Preparing for mortgages and homeownership
If you’re serious about owning a home, it’s essential to begin preparing several years in advance. First, you’ll want to take a look at your credit score, as mortgage rates and other fees are often tied directly to your FICO score. Make sure you pay all credit card payments, student loans, and other debts on or ahead of schedule.
You’ll also need to begin saving cash, as most mortgages require a down payment of 20% of the cost of the home you plan to buy. More is always better; if you only need a mortgage for half the cost of the home, you’ll end up paying significantly less in interest and fees over the course of your loan. It’s also important to save in addition to your down payment, as mortgage providers will look at how much cash you have on hand when determining your mortgage rate. It’s a good idea to keep at least 6 months’ worth of payments in savings to account for job losses, pay-cuts, health problems, and other financial emergencies.
Mortgage providers also evaluate employment and income stability when calculating your rates. Lenders generally look for at least two years of stable employment and prefer steady or rising incomes. Long gaps in employment and pay cuts will also reduce the chance of getting a good loan. If you’re a freelancer or own your own business, you’re at somewhat of a disadvantage (you’ll likely have to pay a higher rate than someone making the same amount employed by someone else), so it’s especially important to document all your income and accounts to show the lender that you’re capable of making your payments on a continuous basis.
Fixed rates vs. adjustable rates
The decision about whether to get a fixed rate or an adjustable rate mortgage is a key consideration.

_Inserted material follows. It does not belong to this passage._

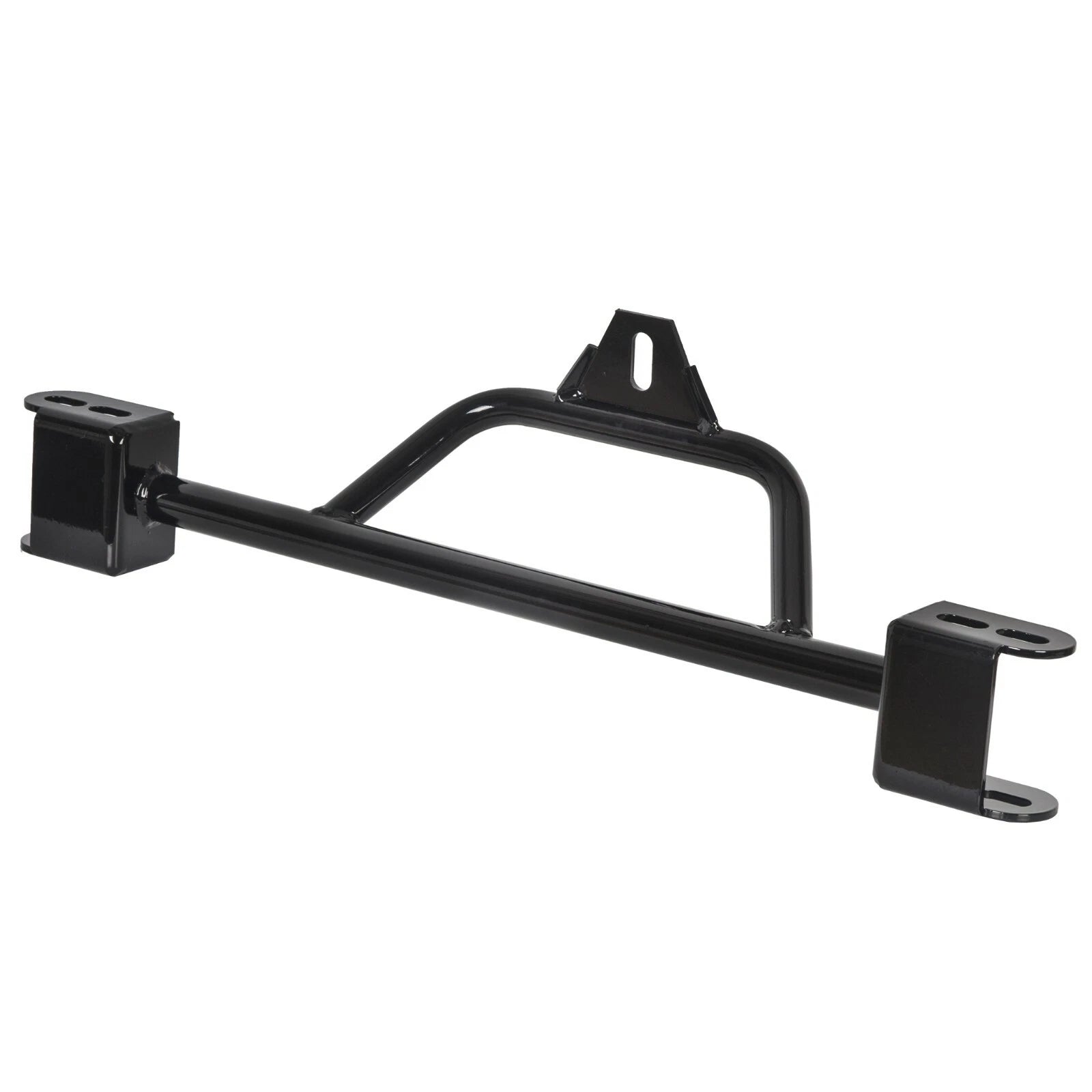 4L60E to 4L80E Conversion Crossmember for Silverado Sierra (2000-2013)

While you can certainly save money and will usually require less of a down payment (allowing you to buy a bigger and better house) with an adjustable rate mortgage (ARM), your rates could rise to 11-12% or even higher, depending on the market and your particular agreement.
In many cases it’s safer for first-time homeowners, especially ones operating on a limited income, to go with a fixed rate mortgage. Fixed rate loans make it much easier to budget and plan ahead, which can be extremely important for people who are just starting to take on the responsibilities that home ownership entails.
Keep in mind, however, that if interest rates do fall, you will be losing out on potential savings with your fixed rate mortgage. Some individuals who hold fixed mortgages decide to refinance when interest rates go down in order to take advantage of the lower rate. This too can be expensive, however. Refinancing can cost several thousand dollars as well as require significant time and paperwork, but it can save you money if you conduct the required research and take advantage of any appreciation in the value of your home when you reset your loan.
Methods for finding the best mortgages
To find the best deal, you need to shop around. A survey of buyers in 2013 showed that nearly half didn’t look at different lenders before signing up for a mortgage. You’ll want to ask your accountant, lawyer, financial advisor, or friends and family for recommendations, visit your local bank or credit union and compare rates online.
Depending on your situation, you may qualify for government-insured programs like FHA, VA, or USDA rural development loans. Make sure to do your research about these first, as not all mortgage providers offer these types of loans.
Most importantly, be honest about your financial situation, meet and interview the person who will handle your loan, and prepare for homeownership to cost more than you think – there are nearly always additional expenses that pop up during the life of your loan.